Germany’s Chancellor Olaf Scholz heads to New Delhi this week with a delegation that looks to expand trade with India’s burgeoning economy. Trade with India is already at a record high level but the German authorities want to strengthen business ties between the two. A trade deal would also help alleviate Berlin’s concerns about its perceived over-reliance on the Chinese market.
Even if India does not prove to be the “new China“, just having access to the huge Indian market would help reduce Germany’s reliance on Beijing. German companies are mostly optimistic about India’s growth potential, its pool of skilled young workers, a cheaper cost base and an economic growth rate of around 7%.
Chancellor Scholz, will be accompanied by most of his cabinet including the foreign and defence ministers. On Friday, he meets India’s Prime Minister Narendra Modi before presiding over the seventh round of Indian-German government consultations. The visit comes at a time when Germany’s export-oriented economy is facing a second year of contraction, with real concerns that a trade dispute between the European Union and China might adversely affect German companies. Meanwhile, alert to how its reliance on cheap Russian gas before the Ukraine war in 2022 played out, Berlin is actively seeking to lessen its exposure to and dependence on Beijing.
Noting that India, “the most populous country in the world, is a key partner of the German economy in the Indo-Pacific”, Economy Minister Robert Habeck declared the need to “reduce critical dependencies and strengthen the resilience of German companies and their supply chains to and from Asia.”

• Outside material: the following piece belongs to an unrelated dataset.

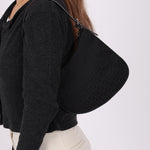 Fendi Black Zucchino Oyster Bag - FashioNica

Trade between Germany and India hit a new record high in 2023. India is expected to overtake Germany and Japan to become the world’s third-largest economy by the end of the decade.
According to the German Chamber of Commerce’s foreign trade chief Volker Treier, direct German investments in India totalled some 25 billion euros in 2022, about 20% of the volume invested in China. This could reach 40% by the end of the decade. “India is the key if “de-risking China is to work”, he said, because of the size of the market and the country’s economic dynamism.
Current investment hurdles cited by German firms include bureaucracy, corruption and India’s tax system, according to a study by the consultancy KPMG and the German Chambers of Commerce Abroad (AHK). Nonetheless, they see a bright future in India, with 82% expecting revenues to grow in the next five years. Some 59% plan to expand their investments, up from 36% in 2021.
Examples include: the German logistics giant DHL, which plans to invest half a billion euros in India by 2026, tapping into a fast-growing e-commerce market; Volkswagen, which has been hit by falling sales in China and high production costs at home, and is considering new tie-ups in India for joint production and signeda a supply deal with local partner Mahindra early this year; and the Cologne-based engine maker Deutz which announced a deal this year with India’s TAFE, the world’s third-largest tractor maker, to produce 30,000 Deutz engines under licence.